7. Aussi la marge d’appréciation est-elle réduite en ce qui concerne la fixation d’objectifs globaux de réduction des émissions de gaz à effet de serre (§§ 450 et 543). Elle est, en revanche, nettement plus large pour le choix des moyens destinés à atteindre ces objectifs (§§ 538 et 549). Pour déterminer si la Suisse est restée dans les limites de sa marge d’appréciation, la Cour formule un catalogue de mesures matérielles de nature préventive (calendrier pour atteindre la neutralité carbone, objectifs intermédiaires de réduction, actualisation de ces objectifs, etc.), ainsi que des mesures procédurales (information, participation, expertise) (§ 550).
La Cour, par la suite, vérifie si les autorités suisses avaient dûment rempli ces exigences (§§ 558 à 563), ce qui n’était assurément pas le cas notamment en raison de « graves lacunes » dans la mise en place du cadre réglementaire interne et de l’absence de quantification, au moyen d’un budget carbone, des limites nationales applicables aux émissions de gaz à effet de serre.
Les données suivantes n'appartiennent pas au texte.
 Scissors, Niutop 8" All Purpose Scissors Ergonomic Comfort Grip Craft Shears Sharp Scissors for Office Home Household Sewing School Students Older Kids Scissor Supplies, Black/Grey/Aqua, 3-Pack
8. En ce qui concerne l’article 6 de la Convention européenne des droits de l’homme, qui garantit le droit à un procès équitable dans les matières civile et pénale, la Cour admet que le litige revêt un aspect civil dans la mesure où les déficiences des autorités ont interféré avec les droits fondamentaux des victimes.
Elle juge que le rejet de l’action intentée par l’association requérante, dans un premier temps par l’autorité administrative et ensuite par les juridictions internes, constitue une atteinte au droit d’accès à un tribunal. En effet, en jugeant que l’action était irrecevable en droit interne, les juridictions suisses n’ont pas expliqué de façon convaincante la raison pour laquelle elles ont considéré qu’il n’y avait pas lieu d’examiner le bien-fondé des griefs.
En l’absence d’autres voies ou garanties légales, il y a violation de l’article 6, § 1er, de la Convention.

9. S’inscrivant dans le prolongement de plusieurs arrêts rendus par des juridictions nationales en matière climatique, que ce soit par la Cour suprême des Pays-Bas (Urgenda), les juridictions françaises (Grande Synthe, affaire du siècle), la Cour d’appel de Bruxelles (Klimaatzaak), la Cour constitutionnelle allemande (Neubauer), l’arrêt KlimaSeniorinnen consacre des avancées remarquables, notamment s’agissant de la qualité d’agir pour les associations actives en matière de lutte contre le réchauffement climatique, de l’importance de la répartition intergénérationnelle de l’effort et la marge d’appréciation limitée des États en ce qui concerne la détermination des objectifs généraux de la politique climatique.
Cela étant dit, les moyens à mettre en œuvre pour atteindre ces objectifs – lesquels ne sont pas précisés – relèvent du pouvoir d’appréciation des États. Dans une certaine mesure, cet arrêt conforte l’arrêt rendu par la Cour d’appel de Bruxelles dans l’affaire Klimaatzaak, cette juridiction ayant condamné, entre autres, plusieurs autorités belges pour avoir violé les articles 2 et 8 de la Convention européenne des droits de l’homme.